The Human Condition (1933)
Rene Magritte
"We see [the world] outside ourselves, yet all we have of it is a representation inside ourselves. In the same way we sometimes locate in the past something that is happening in the present. Time and space then lose that crude sense of which only everyday experience takes account"

The False Prison
A Study of the Development of Wittgenstein's Philosophy
by David Francis Pears


I have been trying to puzzle out the meaning of the title: "the false prison". Is it ever explicitly explained? Below is my guess at its meaning.

Capitalists and Socialists can both view the practitioners of the other economic system as being in a prison. The capitalist sees the socialist as being restricted by the demands of the social order, as sacrificing personal freedom and subjugating one's self interest to the interests of a larger social organism. The socialist sees capitalists as slaves to a system that enforces an endless personal struggle to compete with all other individuals for personal gain and survival.

Think of two snakes eating each other.

In a similar way, it is possible for most people to view Solipsism as a self-constructed prison. We say that the solipsist, in viewing everything as being internal to his own thoughts, has trapped himself in a self-deceiving prison that forces one to lose faith in the existence of an observer-independent external reality. We can view the solipsist as imprisoned in his own mental universe.

However, Wittgenstein showed a way to move beyond this type of conventional view of Solipsism. The core truth of Solipsism need not be rejection of the existence of a reality external to the solipsist, but rather as a special way of thinking about the world that involves a personal focus on the fact that all of human experience is generated from within, by one's own brain.

The solipsistic focus is on the importance of personal experience. In contrast, the critic of Solipsism is focused on the intersubjective world of human discourse. The scientific (modern approach) and metaphysical (classical approach) thinkers are focused on objectification of the world at the expense of (and often with a severe lack of trust in) personal subjective experiences. In the game of scientific and metaphysical theorizing, we attempt to eliminate dependence of our theories on the subjective experience of individual observers and construct a publicly accessible, objective understanding of the world. In contrast, a solipsistic attitude leads one to emphasize the view from within and it forces you to realize that even the game of scientific objectification of reality must be played out within the larger stage of personal subjective experiences. Even scientific objective knowledge must enter into each human's awareness through personal subjective experiences.
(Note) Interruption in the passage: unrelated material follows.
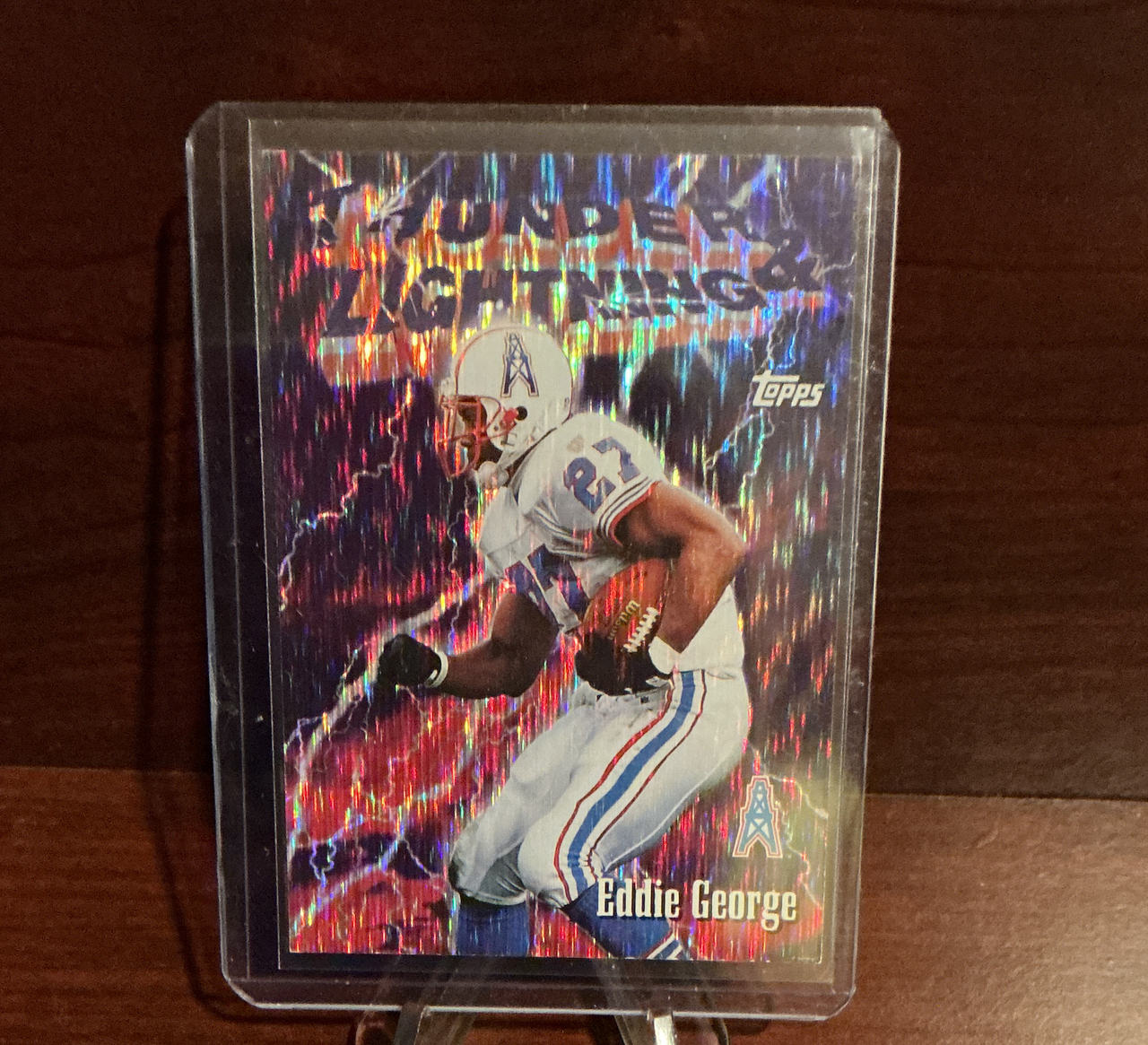1997 Topps Thunder & Lightning Eddie George #TL1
A focus on personal experience allows each of us to recognize that our personal experiences are presented to us by our brains in two distinct ways. First, we are consciously aware of the external world because our brains construct and present to us a type of virtual reality view of the outside world. The naive human does not ever question the illusion that this brain-built virtual reality is just REALITY, the external world itself. This trust by the human observer is usually well placed because evolution has designed our brains to do such a good job of translating external reality into our individual virtual reality. Second, we are each consciously aware of our SELF. Our experience of our personal inner world of SELF is VERY different from our experience of the virtually-real outside world. Our virtual-reality is constructed for us by our sensory cortex regions and powerful loops of confirmatory sensory/motor feedback produce within us a consistent and persistent view of external reality as a place of 3D spatial extension and temporal regularity. In contrast, our view of SELF is constructed by an inward-directed sense. This "inner sense organ" is the means by which a subset of the brain can monitor the activity of a subset of the brain. For this inner-directed sense, there is no spatial organization imposed from without, only the free-wheeling, context-sensitive, associative memory system of the brain itself.

By focusing equally on these two distinct domains of human personal experience, a philosopher like Wittgenstein can view conventional philosophers as attempting to limit themselves, as being imprisoned within the virtual reality part of human experience and never questioning it, never realizing its virtual nature and instead simply accepting that virtual reality as Ultimate Reality and always seeking to eliminate from our descriptions and explanations of reality the world of subjective experience, in particular concern for one's experience of SELF. Wittgenstein can thus turn the tables on conventional thinking and allow us to lead a liberated existence within the domain of personal experience, which, after all, encompasses all of human activity, in particular, it includes and can swallow the results generated by the classical approach which by its powerful empirical methodology seeks to elevate objective reality over subjective experience.

So who is really in prison? We can now view Wittgenstein's type of philosophy (I am still tempted to see in it the possibility of a science of the subjective!) as providing a type of liberation that encompasses all of human existence and hence, all of the world. Other philosophical traditions have been more limited because they have tried to focus either on experience of the SELF or on experience of our virtual reality view of external reality. Wittgenstein's approach is more balanced and more free.